The dollar strengthening has definitely had an impact given that currently India’s tyre industry has to depend on imports to make up for the shortfall between demand and supply.Tyre companies are lining up more price hikes in the fourth quarter as natural rubber (NR) prices start hardening. According to industry experts, NR prices are now inching towards INR 205 per kg mark even though it is still much lower than the peak it hit last monsoon.
Shashi Singh, president, All India Rubber Industry Association (AIRIA) said, “Currently NR prices are at INR 194 per kg but it is expected to reach INR 205 soon. That is a slight hardening from the INR 188 per kg price line ruling in December 2024 but the tyre industry made a loss due to high price of NR and non-availability last monsoon when prices hit INR 245 per kg. So these hikes may be linked to that too.”

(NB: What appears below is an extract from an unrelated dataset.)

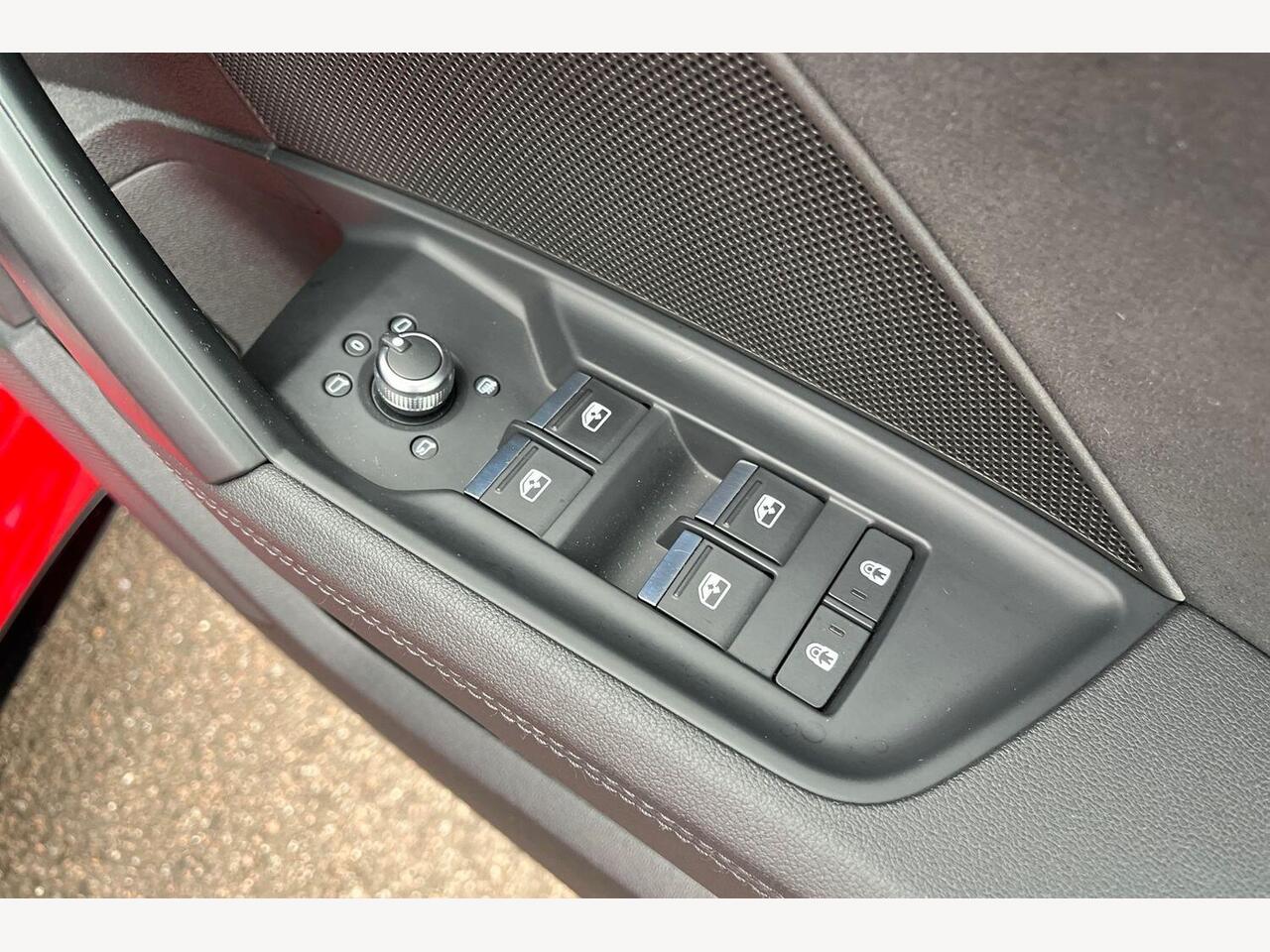 Used Audi RS3 2021 for sale - 76680779: Photo 18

Big tyre companies have announced they have already increased prices and more hikes will follow through Q4. Arnab Banerjee, MD & CEO, Ceat said, “NR prices have been increasing from the end of Q3 so small increases in tyre prices will happen. The raw material price curve is flattening out but our margin profile is still not what it should be and if this is the new normal, then we have to increase prices to make up the margin.” So there will be small price increases continuing through Q4, he said.
Ceat is not alone. Other big tyre companies like JK and MRF are also talking about the NR price curve. In its earnings call earlier, JK Tyre said that it had already taken to the tune of 1% price hike in Q3 and for the year it has taken a price increase to the tune of about 4%.
Sanjeev Aggarwal, CFO, JK Tyre said, “Going forward in Q4 we will look at the competitive environment and do the revising needed and we expect a 2% to 3% increase in raw material cost going ahead.”
Fellow tyre major MRF also announced in its Q3 statement that “the input cost environment was challenging because of rising commodity prices and higher raw material costs (including natural rubber and crude based raw materials). A stronger dollar also contributed to an overall increase in expenses,” it said.
The dollar strengthening has definitely had an impact given that currently India’s tyre industry has to depend on imports to make up for the shortfall between demand and supply.
Singh said, “There is a 5.5 lakh tonne deficit which is plugged by imports which has now become more expensive partly due to the weakening Rupee and partly due to hardening NR prices.” Currently NR imports attract a 25% customs duty or INR 30 per kg whichever is higher.